Until I brought friends back from school I didn't realise that most people didn't have baby lions in their bedrooms when they were sick, or bring parrots into the house so they wouldn't catch cold.'

Chester Zoo is counted among the top 10 zoos in the world and, with over 11,000 animals and 400 species, it is the most visited wildlife attraction in Britain. Unlike other zoos that owe their existence to philanthropists, explorers or big game hunters, Chester Zoo was the brainchild of one working-class man with a dream he had nurtured since he was a boy: to build a zoo without bars.

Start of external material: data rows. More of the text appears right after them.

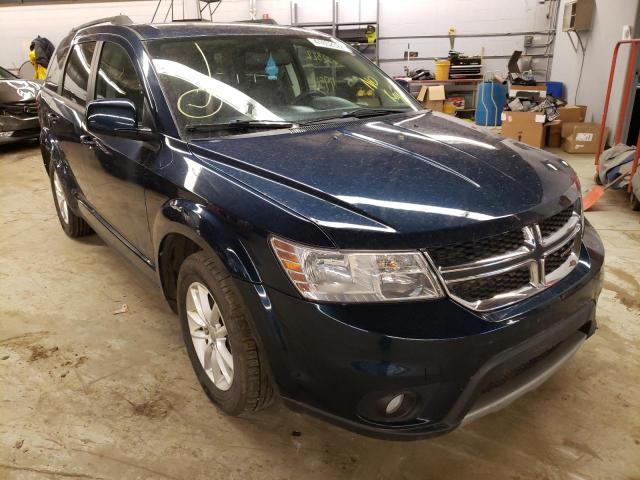 DODGE JOURNEY SX 2014 3c4pdcbgxet116590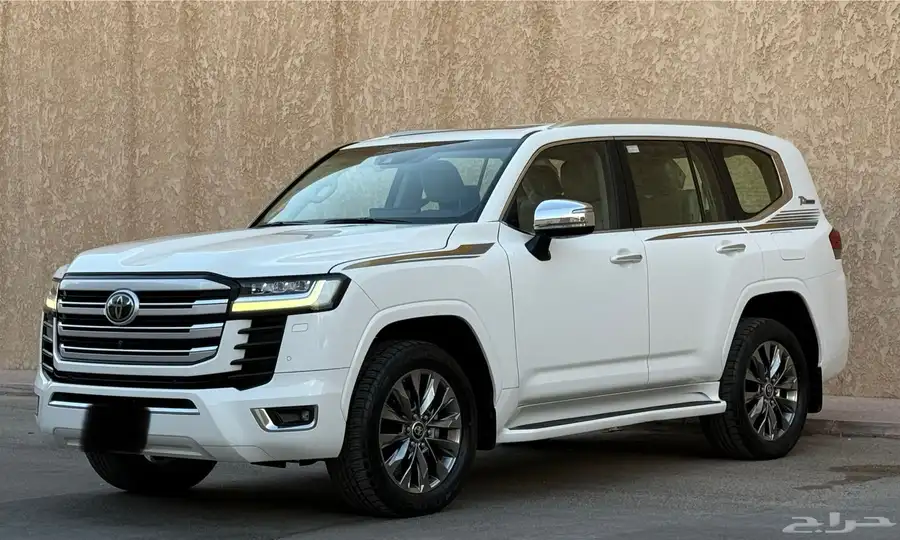 لندكروزر 2022 VXR index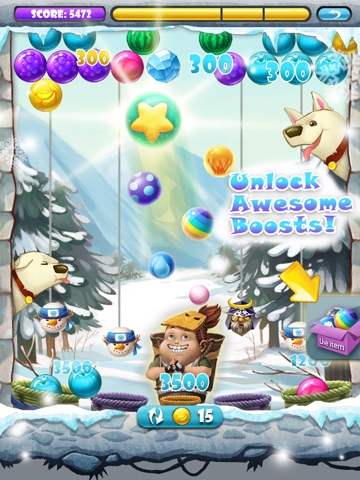 Amazing Fruit Bubbles HD screenshot 3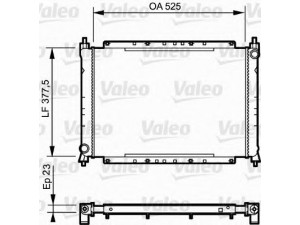 VALEO 730565 radiatorius, variklio aušinimas 
 Aušinimo sistema -> Radiatorius/alyvos aušintuvas -> Radiatorius/dalys
19010-SK4-E00, 19010SK4E00, 19010SK4E00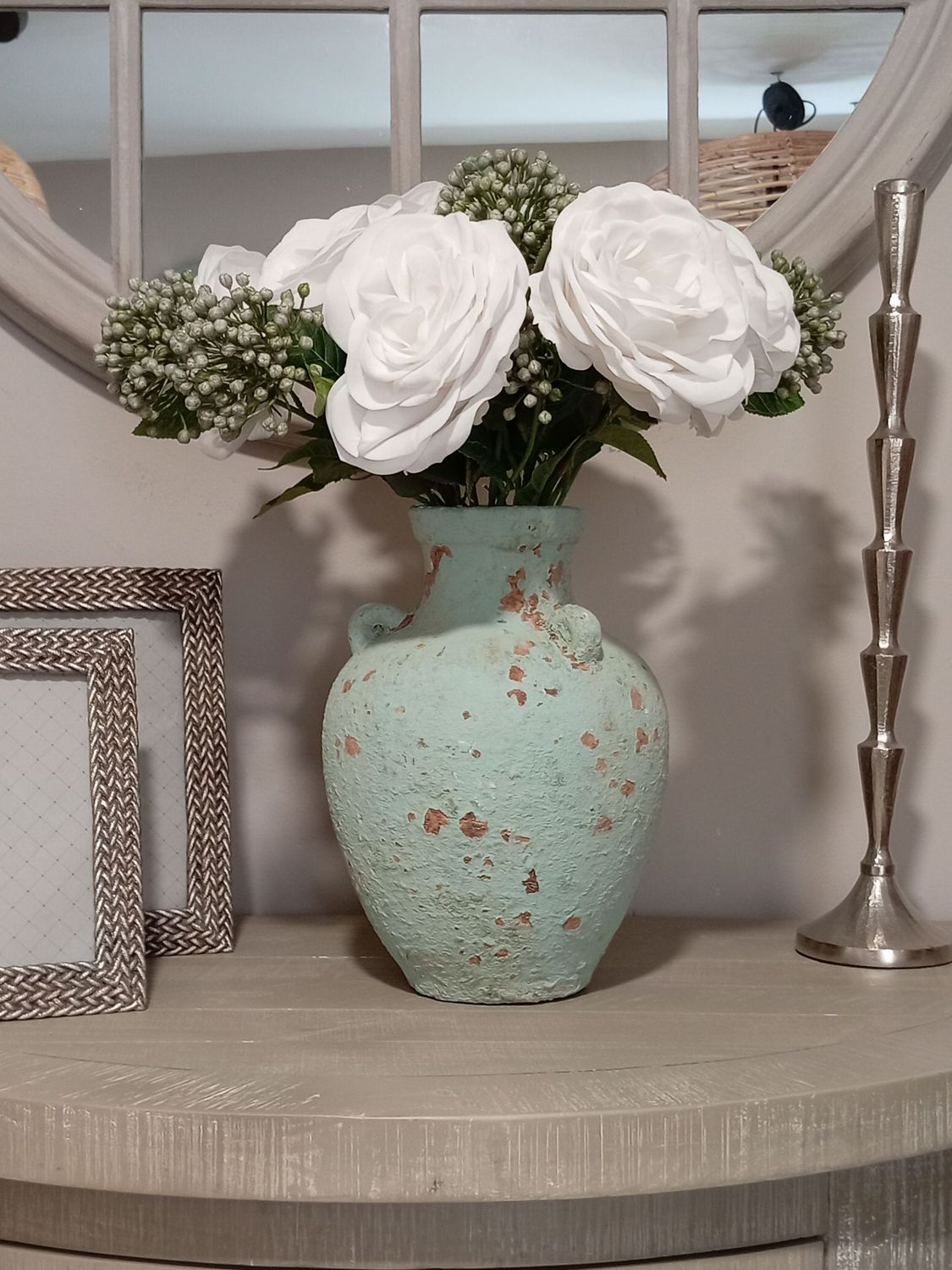 White Roses Arrangement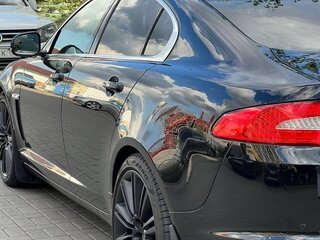 2012 Jaguar XF I Рестайлинг, чёрный, 2100000 рублей, вид 5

June Mottorshead was four years old when her father, George, moved his family to Upton, two miles out Chester, to begin the process of turning his dream into a reality. With no other children around to play with - her sister Muriel was 10 years older - June's friends became the animals. Her closest companion was an orphaned chimpanzee which her sister hadshe hand reared, and for six years the two were inseparable. June soon became the poster girl for Chester Zoo and photographs of her cuddling lion clubs, head-butting a goat or opening the beak of a pelican soon graced the front pages of British newspapers. She was 13 when war was declared on 1939 and, with the backbone of the staff headed for the front, it fell to June to take over as head keeper. Keeping the zoo running while the war waged was no easy task. Despite rationing the animals had to be fed and all of them - penguins, elephants, leopards, tigers, lions, kangaroos and polar bears - needed to be moved into secure locked quarters inside as soon as the air raid siren sounded.

June, now in her eighties, is the guardian of her family's legacy.

My review:


I loved the tv series based on this book. When I was offered a copy to review through Bookbridgr I thought it would take over where the tv series left off, however it's quite different to the dramatisation which I now realise was rather loosely based on the events around the creation and building of Chester zoo.

This book narrates the true memoirs and reminiscences of June Mottershead, youngest daughter of the zoo family who was only 4 years old when the family moved to Upton to turn a run down staley home and its grounds into what developed into Chester zoo.

Most of it is based around what family life was like when you share your home with a menagerie of wild creatures and the difficulties faced by the family and presented by the breakout of world war 2. Obviously the early memories are a little sketchy as June was so young when it all began. 

Although the story takes us forward chronologically from the beginning, it is narrated exactly as if the author is reminiscing about her past talking to us, occasionally she gets sidetracked and sometimes she doesn't explain fully who everyone is or how things came about but as a 4 or 5 year old she probably doesn't remember the early stuff too clearly. Her sister Mew (Muriel) was the main zoo keeper, whilst June was going about the business of growing up in a very unusual set up.

Its a lovely, gentle read, perfect for animal lovers and people who like memoirs set in WW2 and would make an ideal christmas gift for anyone who liked the TV series.